Mixoma de átrio direito com origem na veia cava inferior: uma localização rara com implicações diagnósticas e terapêuticas

Noedir A. G Stolf0; Anderson Benício0; Luiz Felipe P Moreira0; Eduardo ROSSI0

DOI: 10.1590/S0102-76382000000300009

INTRODUÇÃO

Os mixomas são os tumores cardíacos primários benignos mais freqüentes. Aproximadamente 75% a 80% têm sua origem no átrio esquerdo; 10% a 20% no átrio direito e de 5% a 10% em ambos os átrios (1). Podem, no entanto, originar-se em outros locais, como aorta, artéria pulmonar, ventrículos, valvas cardíacas ou mesmo em outros órgãos, entre eles ossos e pulmões (2).

Os sinais e sintomas não são típicos ou específicos.

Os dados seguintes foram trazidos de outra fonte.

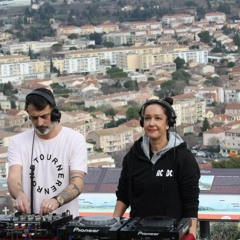 SYNDRÖME :Vol Électronique Sur La Cité Cavare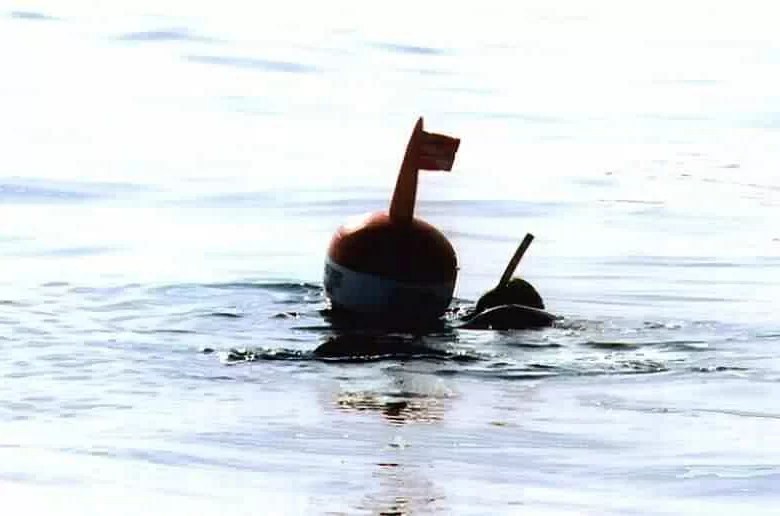 Eroe diportista evita il peggio per un sub a Mazara del Vallo dopo un malore improvviso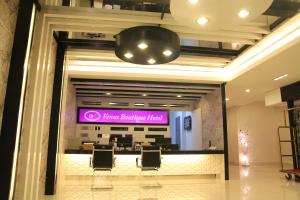 Venus Boutique Hotel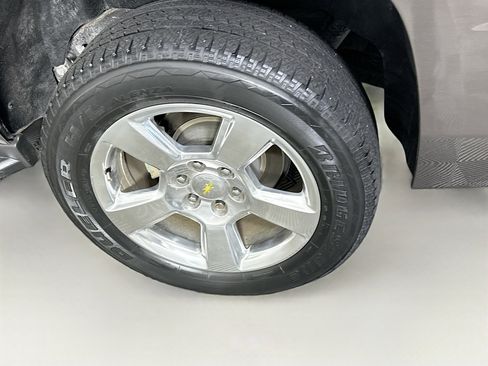 Used 2015 Chevrolet Tahoe LT image 11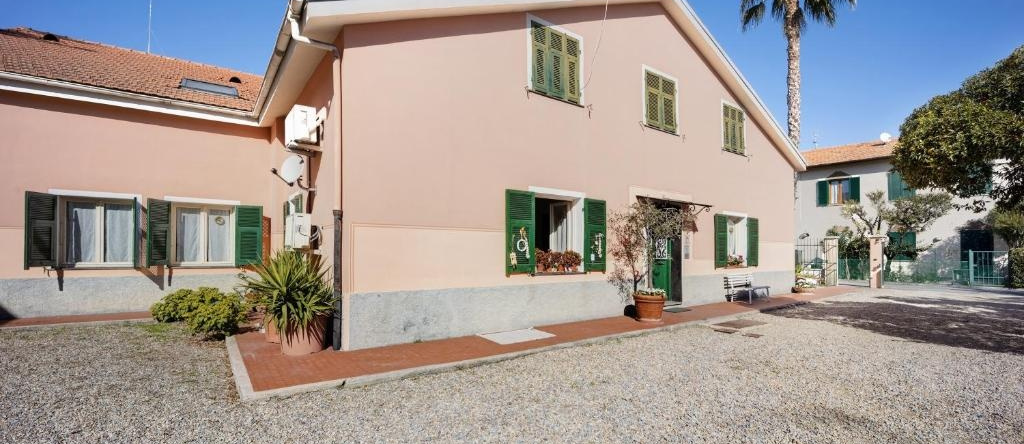 Appartamento Orizzonte 3 A, Диано-Марина — фото 1
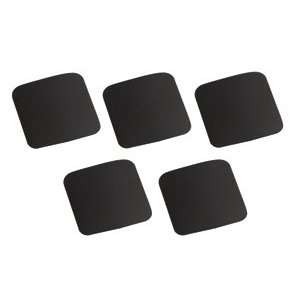 ROLA ROOF RACK REPL. PART, SELF ADHESIVE RUBBER MOUNTING PADS (QTY.4 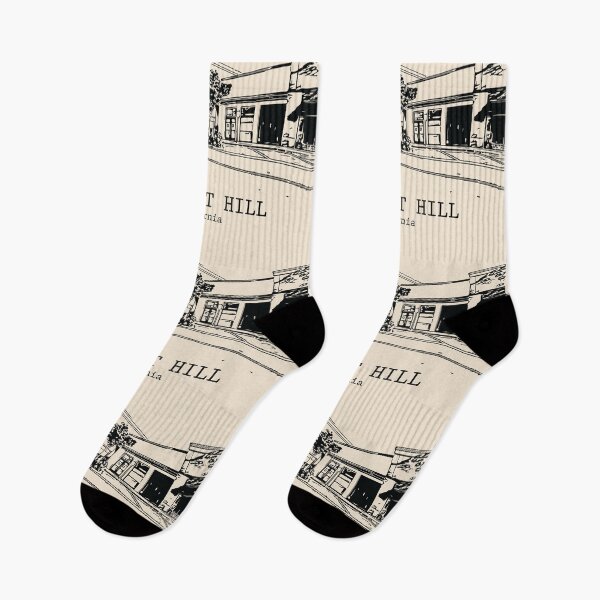 Item preview, Pleasant Hill - California designed and sold by Lakeric Cityscapes.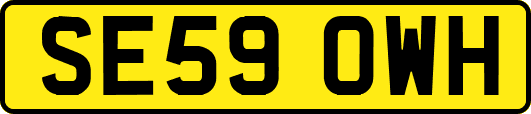 SE59OWH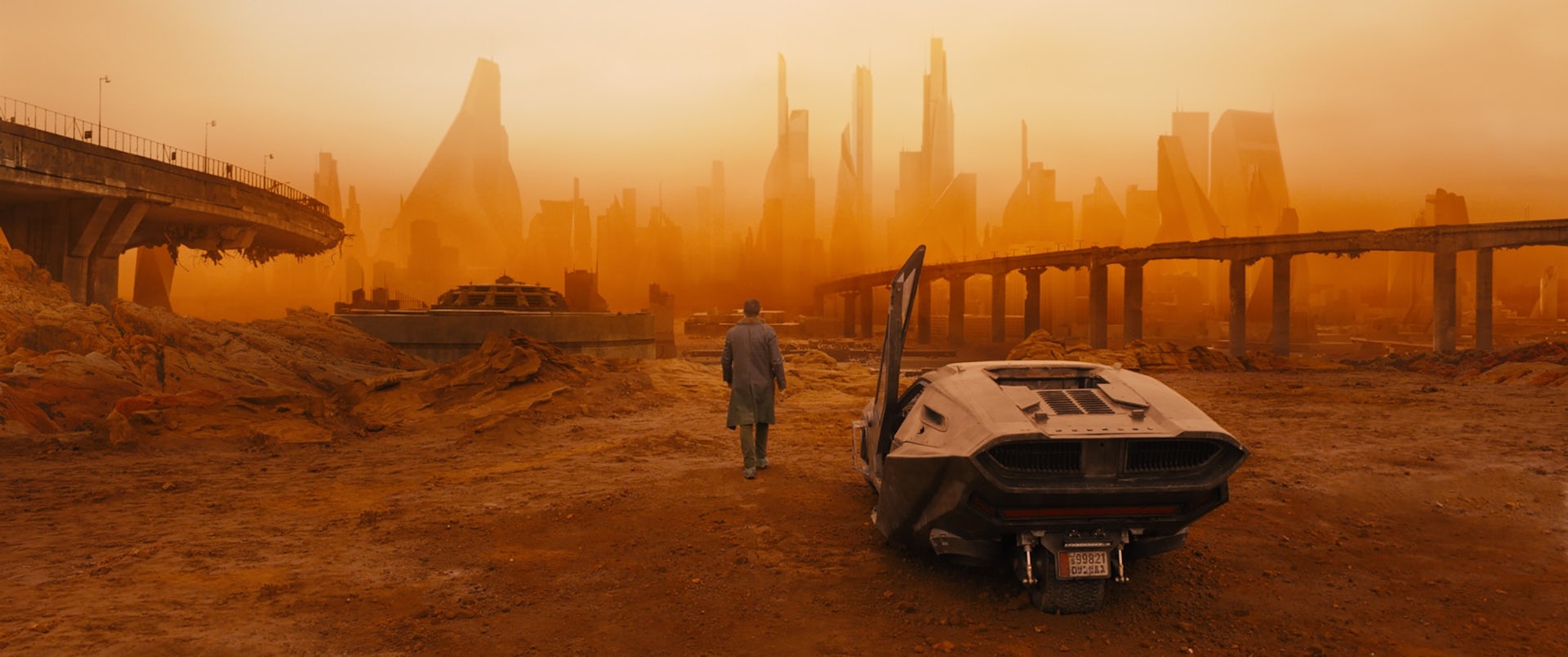 برادران وارنر دیسکاوری در پرونده حقوقی Blade Runner 2049 به پیروزی نزدیک شد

Podem simular desde uma estenose e/ou insuficiência mitral até uma síndrome de Budd-Chiari (3). Essas variadas manifestações dependem do local e da extensão do tumor.

Métodos não invasivos, como a ecocardiografia e a tomografia computadorizada de tórax, trouxeram grande contribuição ao diagnóstico dos mixomas intracardíacos. Além da confirmação do diagnóstico, permitem o estabelecimento da tática cirúrgica adequada.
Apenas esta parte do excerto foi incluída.